I always wanted my dad to be the best man for our family, and I wasn’t afraid of giving him tough love. If I didn’t like what he was doing, I’d sure let him know . Right, Tiffany? However, my dad was just the same. We could be each other’s biggest pains in the butt. Just a couple weeks ago he called me at least 20 times and left me numerous text messages just to annoy me. It worked, but of course I acted like it didn’t, because then he’d win! No sir.
My dad loved to call my phone. Of course I can’t say that I cherish those calls because all he’d say when I answer was, “where’s mom?” Sometimes I wouldn’t even answer the phone… I’d just hand it to my mom and say “It’s Dad.”
My Dad adored my mom. That’s something we really had in common. After work we’d wait on my parent’s community bed and listen for the door. Of course, I’d always be concerned what was for dinner, but not my dad… he’d eat anything. Unless you took a bite of his food… he’d say… “take it! I don’t want it anymore.” OK dad… I just got one fish stick… I don’t want a whole tray full of 40!
My mom loved my dad, so much. We couldn’t do anything without my mom having to get home quicker to be with him. One time my dad was getting so mad at me for not kissing him, but he was all sweaty and gross and it kind of turned my stomach, but there goes my mom.. . taking a big ol wet one from my Dad. Sweaty or not, my dad’s kisses were always wet.
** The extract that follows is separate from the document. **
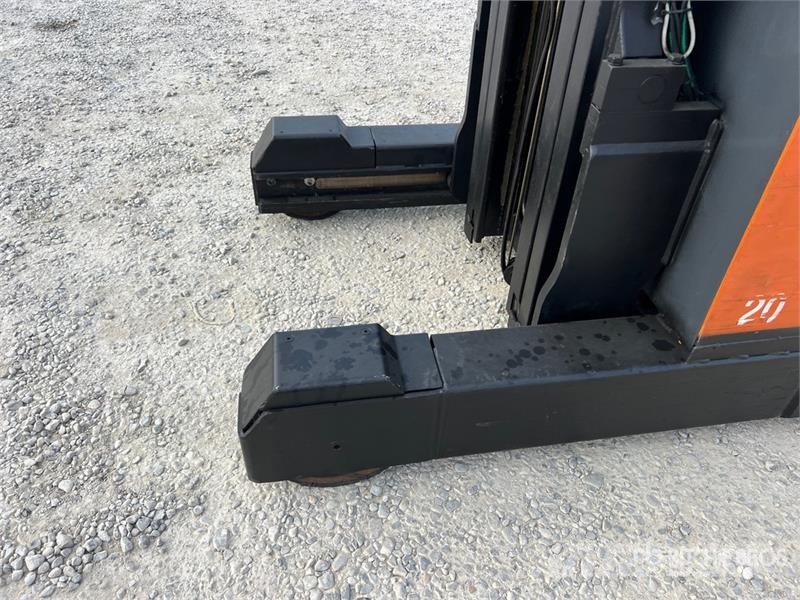 Toyota 7FBRE20 2000 kg Electric Stacker 自走式スタッカー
This past year, the time spent with my dad is something that I will always cherish. The day I found out I was pregnant, my dad hugged me and said he was going to be there for me in whatever decision I made. I cried in his arms and knew that I could be a single parent and that I’d have all the help in the world. My dad was a tremendous help with Laken. He started out with 2 dogs, but once he got my son was about to say puppy… My dad was in love.
Last year’s Father’s day card I told my dad he had to get better, because Laken needs him. However, now I think that my dad needed my son. Not that the other grandchildren aren’t as important, because they are, but my son brought joy to my dad’s life when my mom was busy with her family as her dad-my paw paw was sick. It crushes me that my dad will no longer be physically in my son’s life, but I look at my family and know that in spirit he will.
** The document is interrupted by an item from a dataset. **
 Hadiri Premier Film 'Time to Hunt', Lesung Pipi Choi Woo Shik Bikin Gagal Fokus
My brother Matthew has always been a reflection of my dad. Just listen to the way his daughters talk about him, I get confused and think they’re talking about my dad! The day my brother, Marty, got into town he slept in my mom’s bed and prayed with her and tried to find her comfort just like my dad would do. I look at these two amazing men and just know that my dad lingers within them. Laken will get to know his granddad through my brothers, and even stories my sister and I can share.
Dad, I am really bummed you’re not here… there is so much food you’re missing out on. Yesterday after dinner I didn’t see the point of bringing home leftovers because there is no one to give them to. Daddy, our lives are going to be turned upside down, and mom and I won’t know what to do. We will get there, but it’s going to be hard. I am going to miss everything about you. Your boxer shorts that are always too lose and have way too many holes, you talking over anything I am trying to listen to, you’re constant need to pull mom into everything…. “Carol, what’d she say?,” your farts that can clear a room, your jobs that linger, your love of music and things you’re passionate about, your ability to surprise me, and overall your company. I just want one more day of the four of us, you, mom, laken, and myself on that community bed… just one more day. I love you so much, and that will never change. I will continue to let Laken know who you are and how much you loved him. We will all try to comfort mom and each other. I love you so much, Power Ranger…. BOOM!